O tribunal decidiu manter a condenação do ente público, pois ele não conseguiu provar que fiscalizou a empresa terceirizada, caracterizando sua culpa por omissão (culpa in vigilando).
Quais leis ou súmulas foram aplicadas?
Foram aplicados o Tema 246 do STF (RE 760.931/DF), que trata da responsabilidade subsidiária da Administração Pública, e a Súmula nº 333 do TST, que impede o recurso quando a decisão regional está em consonância com a jurisprudência do TST ou do STF. Também foi citado o artigo 896, § 7º, da CLT, que tem o mesmo teor da Súmula 333.
Qual foi o argumento que mais pesou na decisão?
O argumento que mais pesou foi a falta de prova, por parte do ente público, de que ele fiscalizou o contrato com a empresa terceirizada. Essa omissão foi considerada uma 'culpa in vigilando'.
A decisão foi favorável ou contrária a quem pediu?
A decisão foi favorável ao trabalhador, que teve a condenação do ente público mantida.
O que isso significa pra quem está em situação parecida?
Para quem está em situação parecida, significa que a Administração Pública tem o dever de fiscalizar os contratos de terceirização. Se ela não provar que fez essa fiscalização, pode ser responsabilizada subsidiariamente pelas dívidas trabalhistas da empresa contratada.
Quais provas ou documentos foram importantes?
O texto não menciona provas ou documentos específicos, mas a decisão se baseou na ausência de prova de fiscalização por parte do ente público. Em casos assim, documentos que comprovem a fiscalização (relatórios, notificações, comprovantes de pagamento, etc.) seriam importantes.

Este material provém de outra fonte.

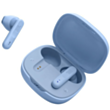 Qulaqlıq JBL Wave Flex JBLWFLEXBLU Blue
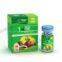 1 day diet slimming Capsule-fat burning from first day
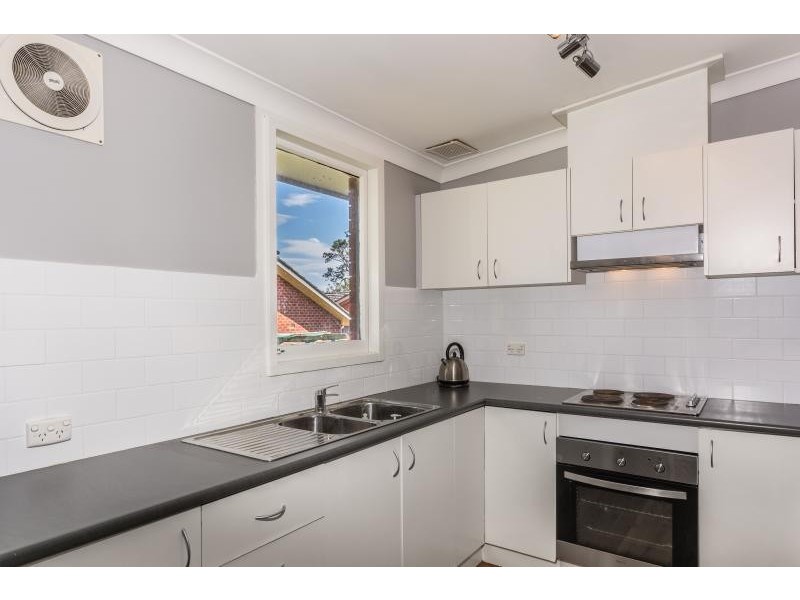 13 Wondalga Crescent, Nowra NSW 2541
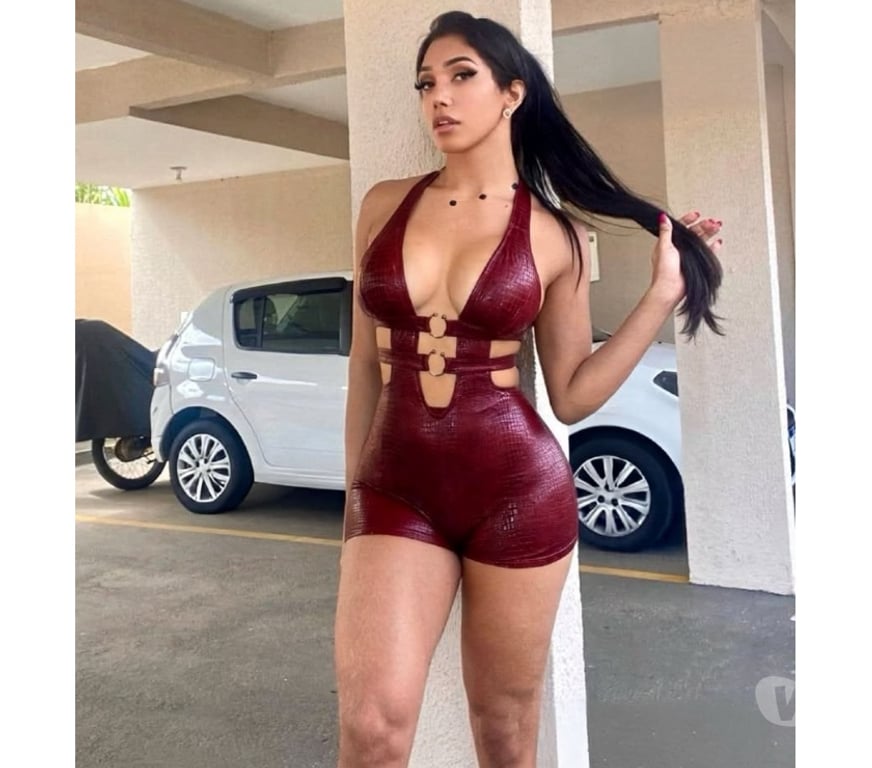 Trans Escorts West Midlands Coventry - Photos for SEXY HOT TS JULIE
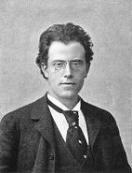 Gustav-Mahler-Kohut.jpg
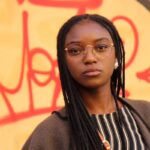 etty-fidele-J1jYLLlRpA4-unsplash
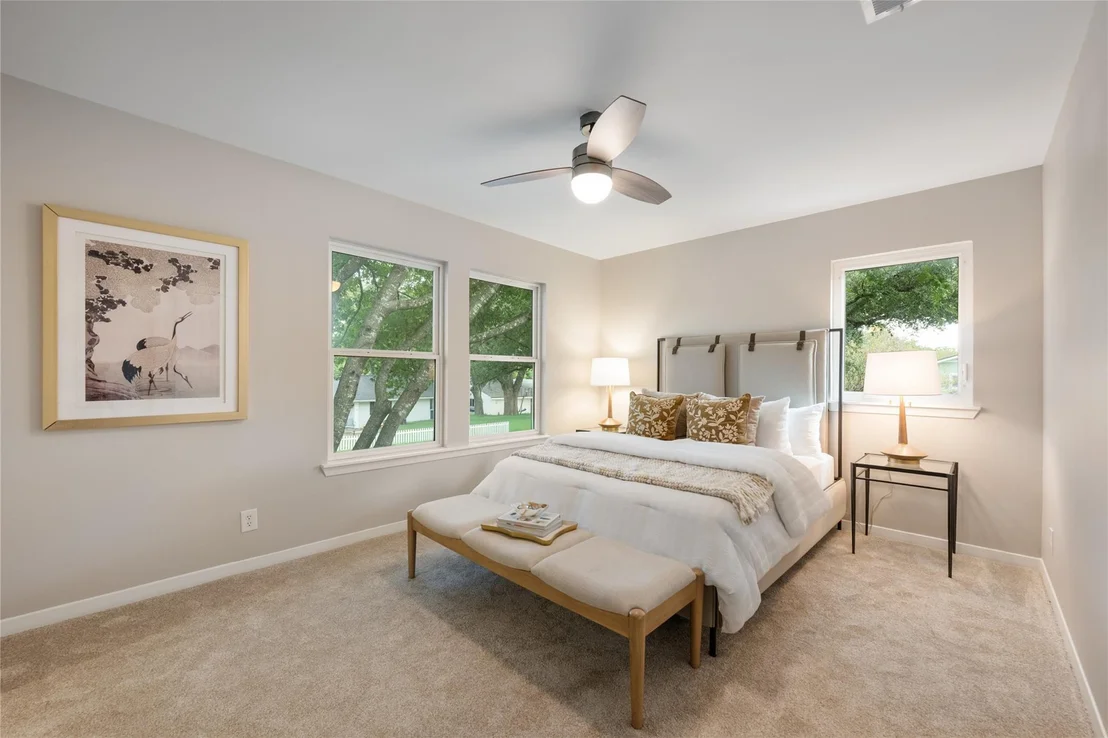 Photo of 6812 Pioneer PL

Ainda é possível recorrer de uma decisão dessas?
O acórdão em questão é um Agravo Interno no Agravo de Instrumento em Recurso de Revista, ou seja, já passou por várias instâncias. Após uma decisão do TST, as possibilidades de recurso são mais limitadas, geralmente restritas a questões constitucionais específicas para o STF.
Vale a pena procurar um advogado num caso assim?
Sim, sempre vale a pena procurar um advogado especialista em Direito do Trabalho para analisar o caso concreto, entender os direitos e as melhores estratégias jurídicas.